The stock has an ATR of 2.59%, according to IBD MarketSurge.
Amazon Bucks Up, Yet Tariff Uncertainty Clouds Retail Outlook
Stocks To Watch: Uranium Play Near Highs
Cameco is forming a handle with a 62.27 buy point. The stock already topped an earlier entry at 53.48 from a narrow handle. The base's decline of 44% is deeper than desired, although a few weeks of sideways action (the current handle) could shake out weaker holders.
Its relative strength line is near highs, a good sign.
Canada-based Cameco is a major supplier of uranium used to run nuclear-power plants. The uranium refiner is among a group of stocks benefiting from soaring demand for electricity needed to run data centers.

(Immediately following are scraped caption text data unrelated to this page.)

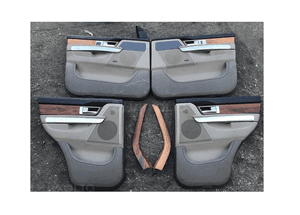 Boczki drzwi komplet Harman Kardon RANGE ROVER SPORT LIFT 2009-13 1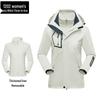 Unisex 3-in-1 Waterproof & Insulated Hiking Suit with Custom Logo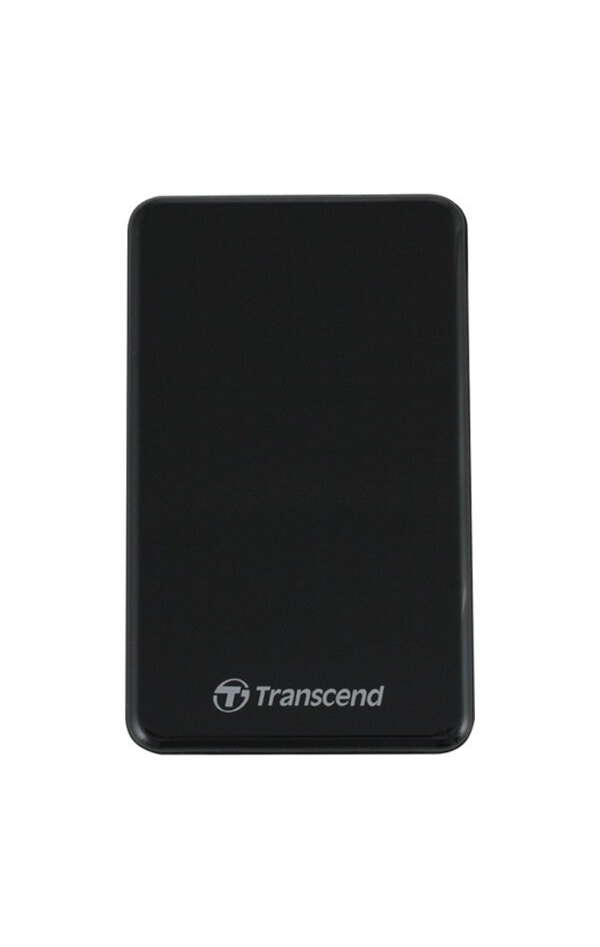 Технопапа · Жесткий диск внешний Transcend StoreJet 25A3K 2.5" 1Tb TS1TSJ25A3K black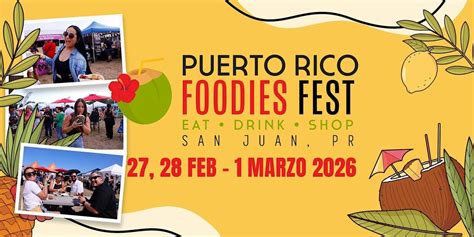 Puerto Rico Foodies Fest- Edición Norte San Juan, Lote Fringe 2 al lado ...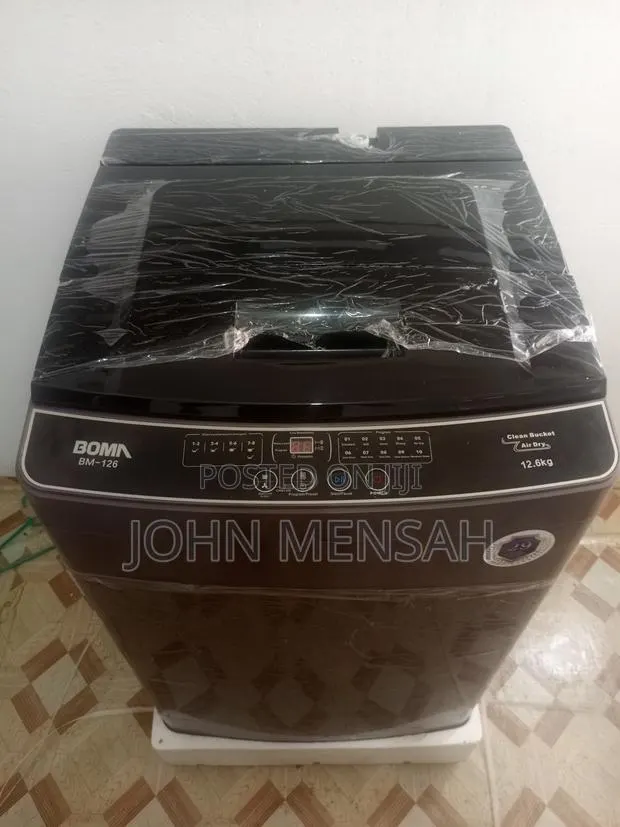 Brand New Fully Automatic Washing Machine for Cool Price · Photo 1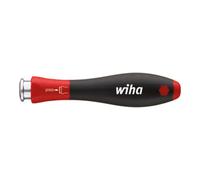 Wiha Wiha Manche de tournevis SoftFinish®-telescopic pour lame interchangeable SYSTEM 4 (30373) 4,0 Quantité:1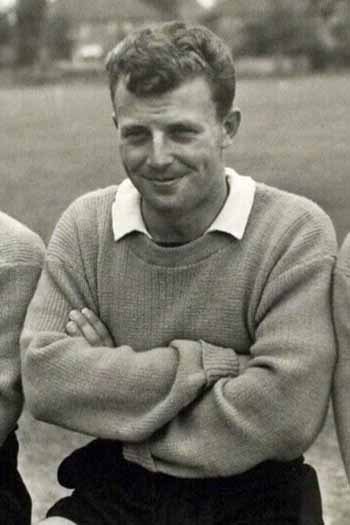 Chelsea FC non-first-team player Barry Smart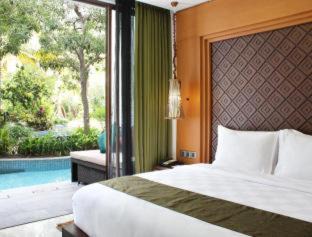 Sunset Road Hotel | Golden Tulip Jineng Resort Bali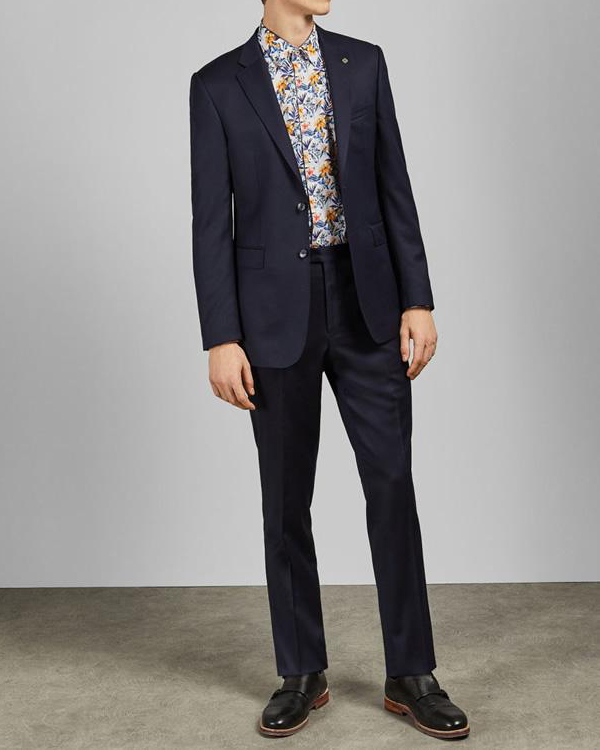 Paul Smith Slim-Fit Liberty Floral Shirt | Liberty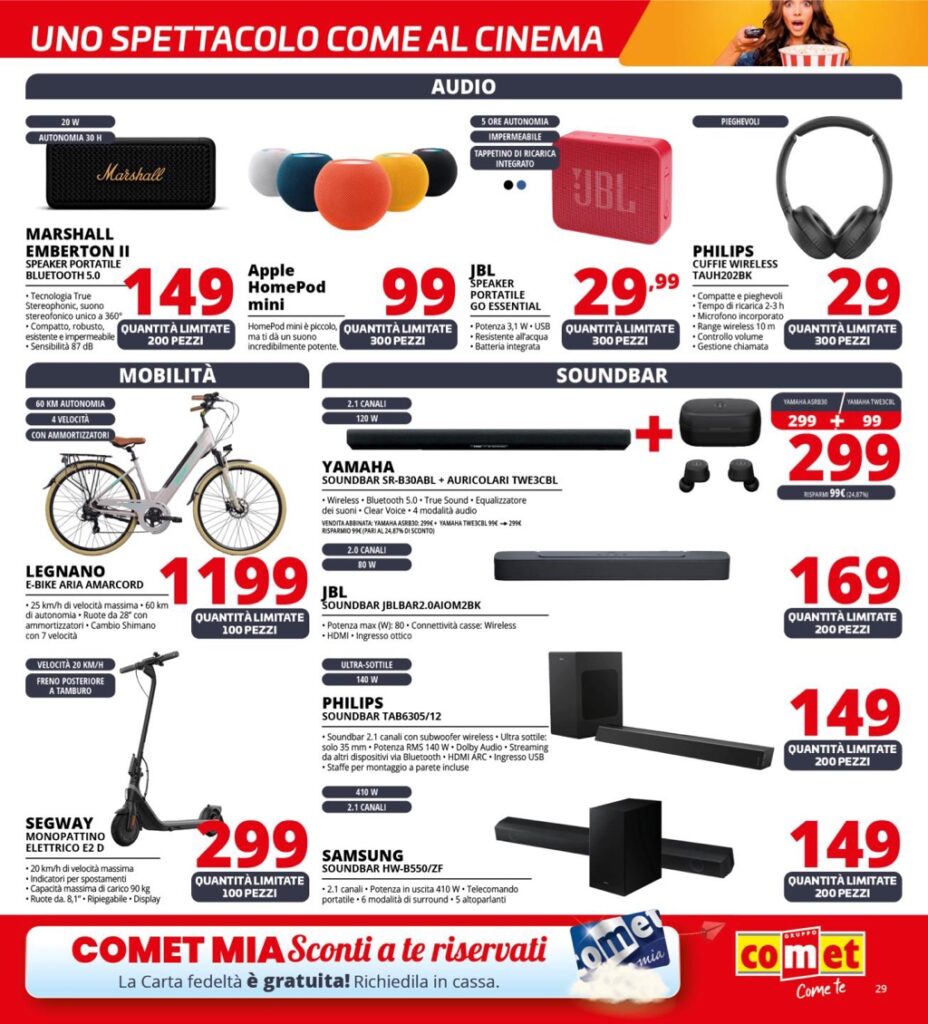 volantino Comet 15 febbraio 2024 pagina 29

The stock got some juice May 23, gapping up 11% in heavy volume, when President Donald Trump ordered regulators to ease approvals for new nuclear reactors. Artificial intelligence workloads are stressing existing power providers, and nuclear plans offer a way to vastly increase megawatts.
On Wednesday, uranium and nuclear stocks got more good news when nuclear-plant operator Constellation Energy signed a 20-year energy deal to supply Meta Platform's AI data centers.
The company controls the world's largest high-grade uranium reserves. It owns 49% stakes in reactor builder Westinghouse Electric and Global Laser Enrichment, which owns uranium enrichment technology.
Cameco has the highest Composite Rating (99) of 51 stocks in the metal ores mining industry group. It also has the group's highest EPS Rating (98).
The stock has an ATR of 3.69%.
MasTec Breaks Out On Analyst Note
Construction company MasTec broke out of a cup-with-handle base Friday with a 161.46 buy point after an analyst upgraded the stock. Shares are in a buy range to 169.53. Although volume was lukewarm, the relative strength line made new highs.
MasTec is the latest heavy-construction stock to break out, as the No. 20-ranked industry group continues to exude confidence. Quanta Services and Aecom broke out the past several days, while Orion Group and Granite Construction touched buy points Friday.
Goldman Sachs upgraded the stock to buy from neutral and raised the price target to 195 from 156. In a Friday note, analysts said a large number of oil and gas pipeline projects should mean $2.4 billion-$2.5 billion in annual revenue for MasTec, the largest pipeline construction company, TheFly.com reported.
The Coral Gables, Fla.-based company also builds utility plants, renewable energy projects and other types of infrastructure. In its first-quarter report, MasTec swung to a profit of 51 cents a share vs. a year-ago loss of 13 cents, and management raised full-year guidance. Sales growth accelerated slowly for a second straight quarter, to 6%.
Management owns 19% of the company's shares, MarketSurge shows, which is a substantial stake in the company's future.
MasTec stock has 21-day ATR of 3%. Its Composite Rating is 95.